START Working data

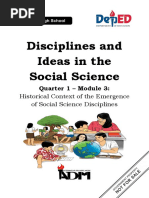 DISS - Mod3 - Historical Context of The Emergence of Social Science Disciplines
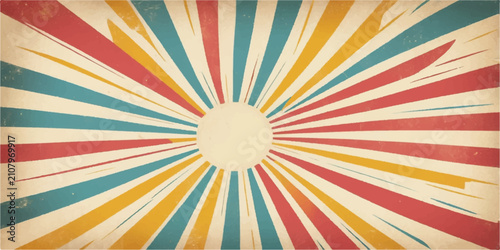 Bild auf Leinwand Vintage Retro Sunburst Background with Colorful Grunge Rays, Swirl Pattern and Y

END Working data
START Working data

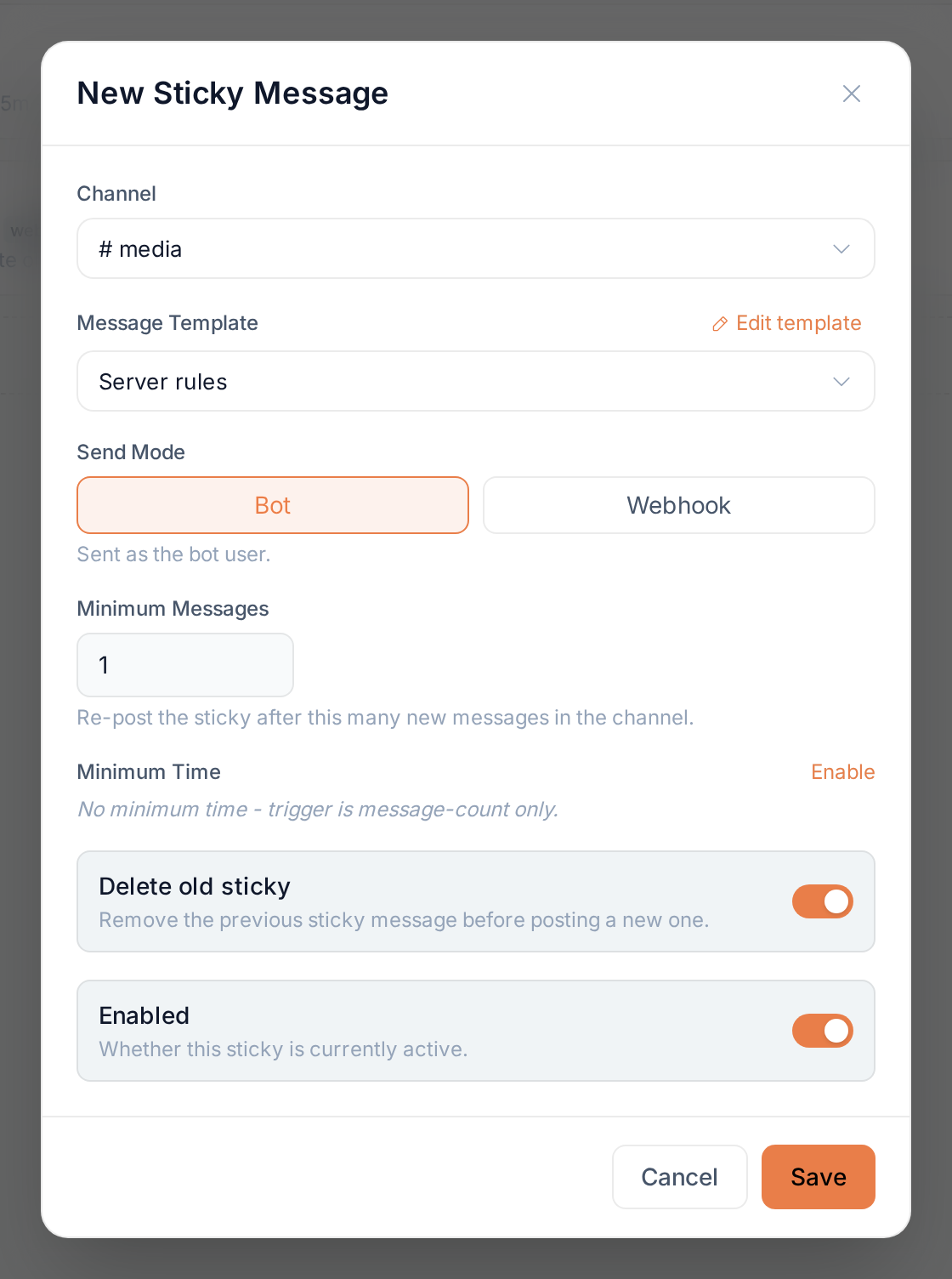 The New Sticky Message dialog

END Working data
START Working data

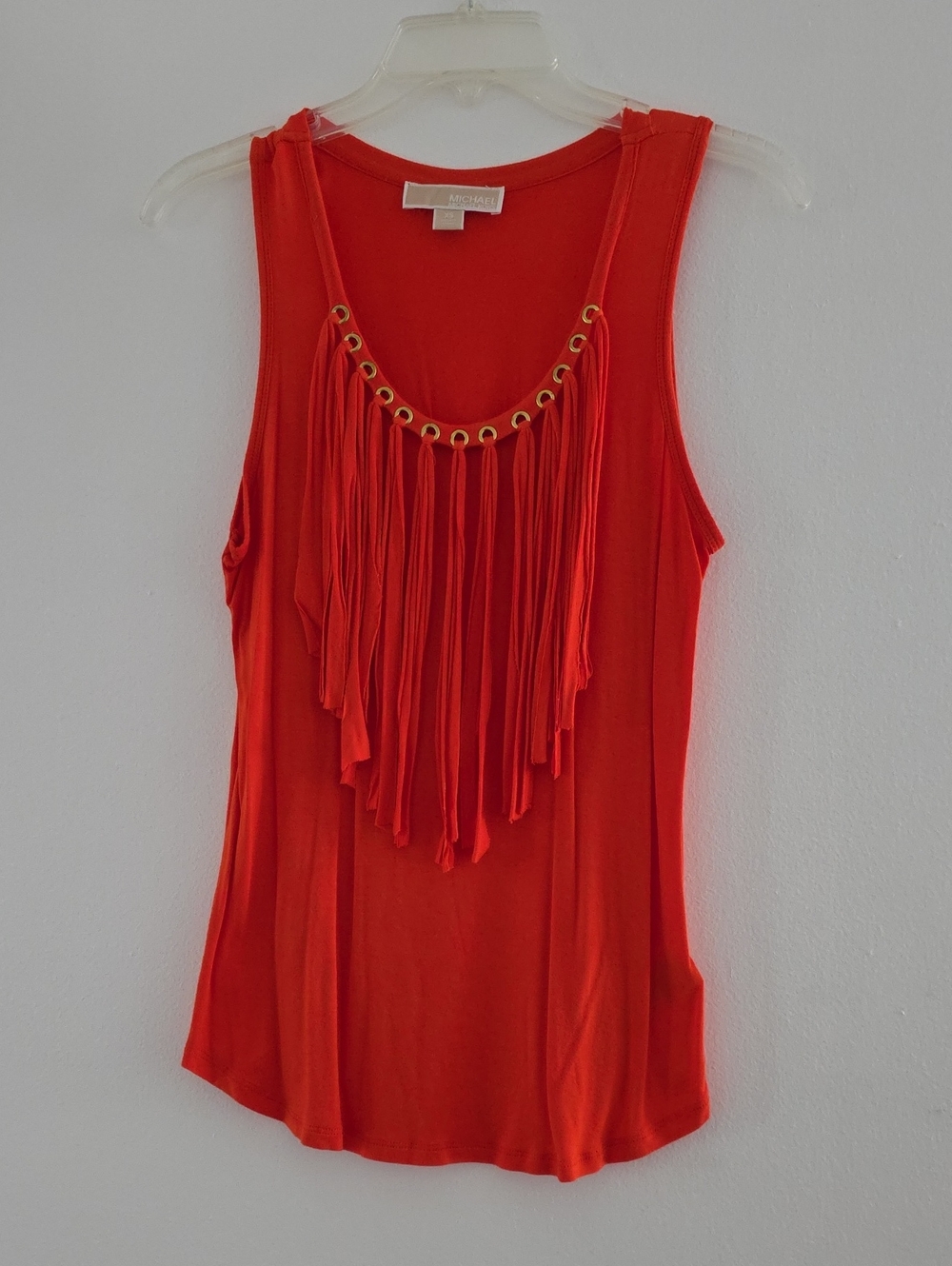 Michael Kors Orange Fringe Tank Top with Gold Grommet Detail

END Working data

_Your objective_: Could you repeat, exactly, only the lines above starting at the one that has "DISS - Mod3" and stopping after the one that has "Bild auf Leinwand", without the pictures?

_Task result_:
 DISS - Mod3 - Historical Context of The Emergence of Social Science Disciplines
 Bild auf Leinwand Vintage Retro Sunburst Background with Colorful Grunge Rays, Swirl Pattern and Y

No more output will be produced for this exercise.